An independent journalist and photographer covering international environmental issues, I am a regular contributor to international newswires London-headquartered Thomson Reuters Foundation and Rome-headquartered IPS – Inter Press Service, since 2009.
My writing focuses on climate change, sustainability and related issues of energy, gender, migration and conflict, water, biodiversity and land rights.
My work has been featured in publications across countries – in The New York Times (US), The Guardian (UK), China Dialogue, Al Jazeera, Reuters wire for US, Africa and India, Inter Press Service, SciDev.Net-South Asia, The Third Pole and several other news networks.
I have covered international environmental and global goals conferences including several UN Conference of Parties in Turkey, Greece, China, South Korea, East Africa, Malaysia, Thailand, Pakistan, Nepal, Sri Lanka, Bangladesh and in India.

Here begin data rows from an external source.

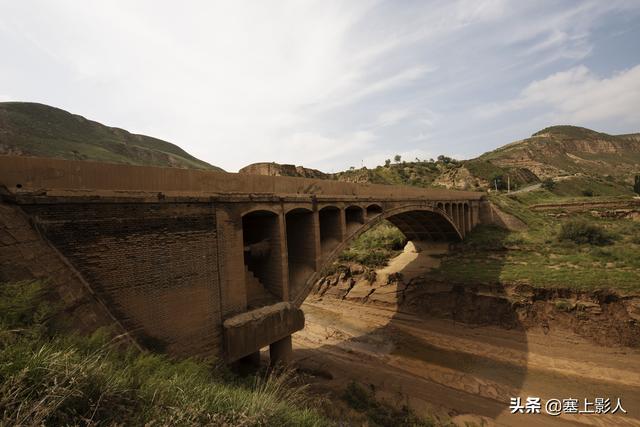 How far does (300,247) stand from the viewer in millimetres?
13516

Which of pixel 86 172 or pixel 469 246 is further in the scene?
pixel 469 246

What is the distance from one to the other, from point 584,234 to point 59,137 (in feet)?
238

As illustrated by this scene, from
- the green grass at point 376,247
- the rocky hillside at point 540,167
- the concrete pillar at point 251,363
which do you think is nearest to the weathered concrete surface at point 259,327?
the concrete pillar at point 251,363

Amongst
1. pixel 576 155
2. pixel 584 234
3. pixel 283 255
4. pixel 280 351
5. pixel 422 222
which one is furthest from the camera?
pixel 576 155

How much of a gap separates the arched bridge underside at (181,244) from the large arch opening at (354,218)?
2.27m

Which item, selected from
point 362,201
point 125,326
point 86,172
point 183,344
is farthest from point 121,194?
point 362,201

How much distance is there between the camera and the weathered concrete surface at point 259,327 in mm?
9156

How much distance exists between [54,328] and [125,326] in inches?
96.2

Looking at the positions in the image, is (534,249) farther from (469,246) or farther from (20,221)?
(20,221)

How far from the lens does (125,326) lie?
7.25m

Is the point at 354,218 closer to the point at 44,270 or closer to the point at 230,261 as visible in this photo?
the point at 230,261

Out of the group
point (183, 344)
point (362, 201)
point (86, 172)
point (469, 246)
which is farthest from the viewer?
point (469, 246)

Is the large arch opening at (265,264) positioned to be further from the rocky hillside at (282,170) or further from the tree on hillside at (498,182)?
the tree on hillside at (498,182)

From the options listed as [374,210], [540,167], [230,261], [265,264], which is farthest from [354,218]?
[540,167] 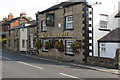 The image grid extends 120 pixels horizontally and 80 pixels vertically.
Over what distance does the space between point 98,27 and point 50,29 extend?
6.55 meters

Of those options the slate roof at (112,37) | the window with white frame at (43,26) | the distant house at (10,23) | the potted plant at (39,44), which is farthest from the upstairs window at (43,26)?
the distant house at (10,23)

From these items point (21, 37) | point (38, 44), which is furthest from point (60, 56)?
point (21, 37)

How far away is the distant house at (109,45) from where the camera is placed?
1438cm

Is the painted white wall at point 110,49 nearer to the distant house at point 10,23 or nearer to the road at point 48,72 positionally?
the road at point 48,72

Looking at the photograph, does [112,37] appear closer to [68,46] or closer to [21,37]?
[68,46]

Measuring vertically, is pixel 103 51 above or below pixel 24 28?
below

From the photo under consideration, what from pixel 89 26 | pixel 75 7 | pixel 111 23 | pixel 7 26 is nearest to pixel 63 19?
pixel 75 7

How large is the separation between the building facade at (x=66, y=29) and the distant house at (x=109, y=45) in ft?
5.02

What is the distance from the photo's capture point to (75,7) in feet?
54.3

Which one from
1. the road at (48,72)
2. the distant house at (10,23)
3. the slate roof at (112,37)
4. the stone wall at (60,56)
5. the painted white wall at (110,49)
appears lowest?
the road at (48,72)

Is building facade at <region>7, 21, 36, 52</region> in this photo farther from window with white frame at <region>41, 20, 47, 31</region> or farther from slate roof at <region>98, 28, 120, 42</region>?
slate roof at <region>98, 28, 120, 42</region>

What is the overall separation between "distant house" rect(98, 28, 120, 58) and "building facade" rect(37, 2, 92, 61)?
1529mm

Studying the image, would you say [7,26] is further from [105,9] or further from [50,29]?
[105,9]

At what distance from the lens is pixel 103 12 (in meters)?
16.6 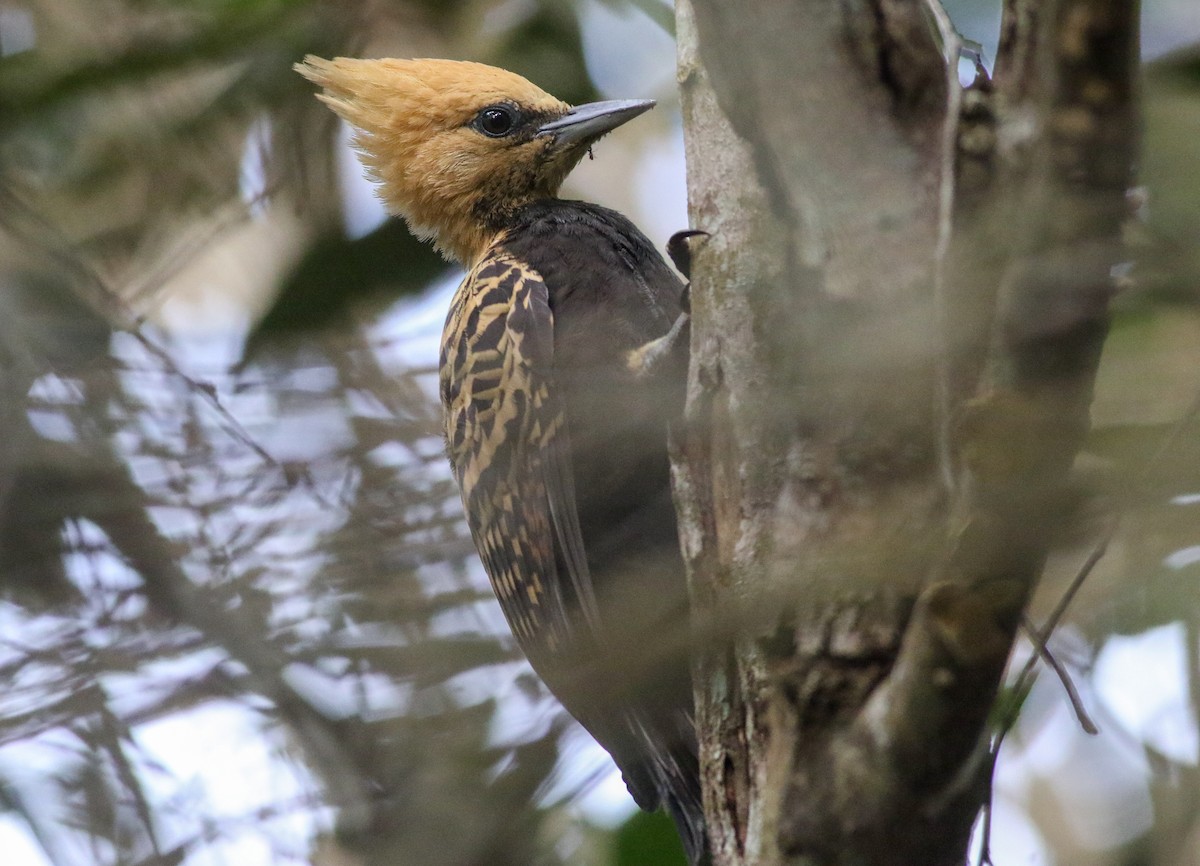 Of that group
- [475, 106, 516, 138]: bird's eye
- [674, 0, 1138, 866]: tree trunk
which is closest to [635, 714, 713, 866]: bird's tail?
[674, 0, 1138, 866]: tree trunk

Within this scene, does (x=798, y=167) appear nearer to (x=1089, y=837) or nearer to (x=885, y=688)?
(x=885, y=688)

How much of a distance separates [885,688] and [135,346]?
290 centimetres

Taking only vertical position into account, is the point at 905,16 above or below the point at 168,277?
above

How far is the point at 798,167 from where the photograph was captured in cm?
236

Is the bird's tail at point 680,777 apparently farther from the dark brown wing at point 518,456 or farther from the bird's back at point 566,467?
the dark brown wing at point 518,456

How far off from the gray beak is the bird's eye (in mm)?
122

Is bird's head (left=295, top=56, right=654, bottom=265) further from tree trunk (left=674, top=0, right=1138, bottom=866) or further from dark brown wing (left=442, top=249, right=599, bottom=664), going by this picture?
tree trunk (left=674, top=0, right=1138, bottom=866)

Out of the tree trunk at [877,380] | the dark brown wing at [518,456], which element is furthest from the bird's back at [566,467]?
the tree trunk at [877,380]

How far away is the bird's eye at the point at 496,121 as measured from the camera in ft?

While my reporting weaves local into global issues and often finds resonance with readers across regions, going after stories of inequity, deprivation, corruption, human rights violation and being able to give people at the receiving end a face and a voice, is what drives my work. It is best put in my 2016 Best Pro-People Environmental Reporting State Award: ‘In appreciation of your hard work and dedication for keeping alive the dream for a fairer world.’
Since 2008, even while climate change was being hotly debated, I’ve been on the move, traveling across India to communities in remote regions, many without roads and where only a few journalists venture, to investigate the effects of increasingly erratic rainfall and warmer weather.
In 2012, my IPS report on climate-smart heirloom seeds conserved by indigenous ‘seed-mothers’ won the Asia-Pacific Adaptation Network (APAN) international award for best climate change story.
Member of international and national professional media groups.
Authored ‘Folk Tales from the Hills and Fields of Orissa’ – a rare collection of fables and folk narratives related to environment and nature held in the rapidly dying oral literature among Indian indigenous communities, published by India’s Ministry of Culture.